Proposed Resolution to Support Universal Access or Oral Healthcare for Pregnant Women in Arizona
Background and Summary
Oral health is an important component of general health and should be maintained during pregnancy and through a woman’s lifespan. Good oral health may has a positive effect on cardiovascular disease, diabetes, and other disorders. Perinatal and infant oral health is key in order for achieve a lifetime free from preventable oral disease.
Physiologic changes during pregnancy can result in oral health changes during pregnancy including gingivitis, benign oral gingival lesions, tooth mobility, tooth erosion, dental caries, and periodontitis. Approximately 40% of pregnant women have some form of periodontal disease.
Scientific research indicates periodontal disease may raise the risk of pre-‐term birth, low birth-‐weight and preeclampsia. Further, dental caries are an infectious disease which can be transmitted from a mother to her baby after its birth-‐ increasing the risk for early childhood caries. Pregnancy is a unique time when medical and dental professionals can treat a woman’s oral disease while she is working to make healthy choices for her baby. This treatment may reduce the likelihood that her baby is exposed to bacteria which may cause early childhood caries.
Access to dental care is directly related to income level and the poorest women are least likely to receive oral health care. In Arizona, low income pregnant women enrolled in the state’s Medicaid program do not have access to the kinds of the preventative and therapeutic care critical to maintaining good oral health for the mother and infant.

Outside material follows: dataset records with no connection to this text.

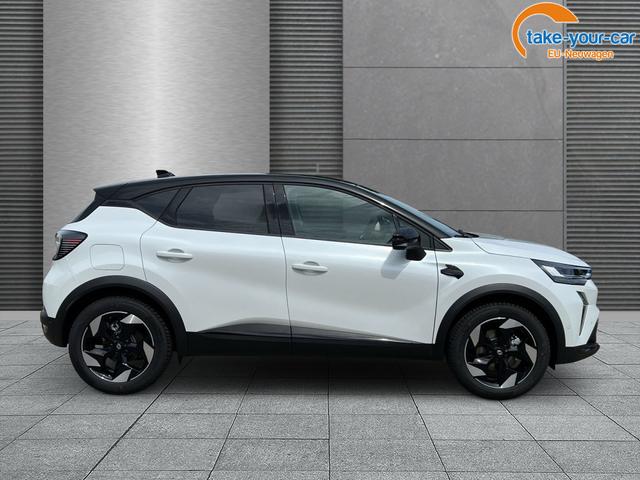 Renault - Captur E-TECH - EU-Neuwagen - Reimport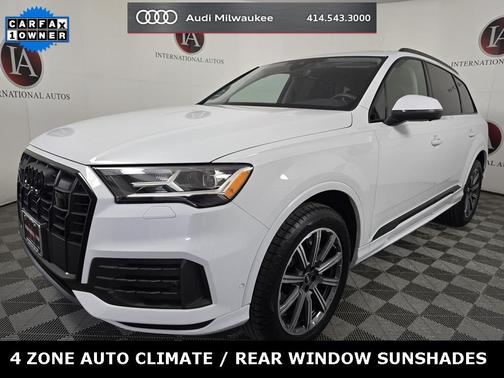 2023 Audi Q7 45 Premium Plus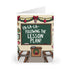 Fa - La - La Following the Lesson Plan – Teacher Xmas Card | Buy Online from The Home Crafters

Proposed Resolution September 2016
Whereas, the Arizona Public Health Association recognizes that oral health is an important component of general health and should be maintained during pregnancy and through a woman’s lifespan; and
Whereas, good oral health may has a positive effect on cardiovascular disease, diabetes, and other disorders and perinatal and infant oral health is key in order for achieve a lifetime free from preventable oral disease; and
Whereas, physiologic changes during pregnancy can result in oral health changes during pregnancy including gingivitis, benign oral gingival lesions, tooth mobility, tooth erosion, dental caries, and periodontitis; and
Whereas, access to dental care is directly related to income level and the poorest women are least likely to receive oral health care.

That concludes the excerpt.